(Task instructions) Each line from the one that contains "12V Brushless Cordless" to the last line of the records below must be restated word for word.

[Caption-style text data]

>>>>

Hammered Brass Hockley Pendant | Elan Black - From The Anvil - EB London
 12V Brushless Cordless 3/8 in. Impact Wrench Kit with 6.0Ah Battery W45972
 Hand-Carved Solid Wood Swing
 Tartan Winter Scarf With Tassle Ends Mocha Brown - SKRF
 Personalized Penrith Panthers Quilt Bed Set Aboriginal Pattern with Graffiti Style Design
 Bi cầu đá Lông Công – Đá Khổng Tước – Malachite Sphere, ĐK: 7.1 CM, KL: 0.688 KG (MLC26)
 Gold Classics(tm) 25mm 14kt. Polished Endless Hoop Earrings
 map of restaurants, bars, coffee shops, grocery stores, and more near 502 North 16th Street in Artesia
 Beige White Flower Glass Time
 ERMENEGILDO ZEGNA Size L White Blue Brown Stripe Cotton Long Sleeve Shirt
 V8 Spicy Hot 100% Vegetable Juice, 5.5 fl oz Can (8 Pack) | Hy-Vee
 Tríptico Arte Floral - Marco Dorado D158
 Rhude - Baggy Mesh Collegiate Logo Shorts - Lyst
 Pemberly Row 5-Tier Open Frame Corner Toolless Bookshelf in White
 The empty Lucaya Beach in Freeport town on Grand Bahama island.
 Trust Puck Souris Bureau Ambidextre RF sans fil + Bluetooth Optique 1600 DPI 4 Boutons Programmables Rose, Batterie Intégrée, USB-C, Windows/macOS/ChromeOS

<<<<

(Written answer)
 12V Brushless Cordless 3/8 in. Impact Wrench Kit with 6.0Ah Battery W45972
 Hand-Carved Solid Wood Swing
 Tartan Winter Scarf With Tassle Ends Mocha Brown - SKRF
 Personalized Penrith Panthers Quilt Bed Set Aboriginal Pattern with Graffiti Style Design
 Bi cầu đá Lông Công – Đá Khổng Tước – Malachite Sphere, ĐK: 7.1 CM, KL: 0.688 KG (MLC26)
 Gold Classics(tm) 25mm 14kt. Polished Endless Hoop Earrings
 map of restaurants, bars, coffee shops, grocery stores, and more near 502 North 16th Street in Artesia
 Beige White Flower Glass Time
 ERMENEGILDO ZEGNA Size L White Blue Brown Stripe Cotton Long Sleeve Shirt
 V8 Spicy Hot 100% Vegetable Juice, 5.5 fl oz Can (8 Pack) | Hy-Vee
 Tríptico Arte Floral - Marco Dorado D158
 Rhude - Baggy Mesh Collegiate Logo Shorts - Lyst
 Pemberly Row 5-Tier Open Frame Corner Toolless Bookshelf in White
 The empty Lucaya Beach in Freeport town on Grand Bahama island.
 Trust Puck Souris Bureau Ambidextre RF sans fil + Bluetooth Optique 1600 DPI 4 Boutons Programmables Rose, Batterie Intégrée, USB-C, Windows/macOS/ChromeOS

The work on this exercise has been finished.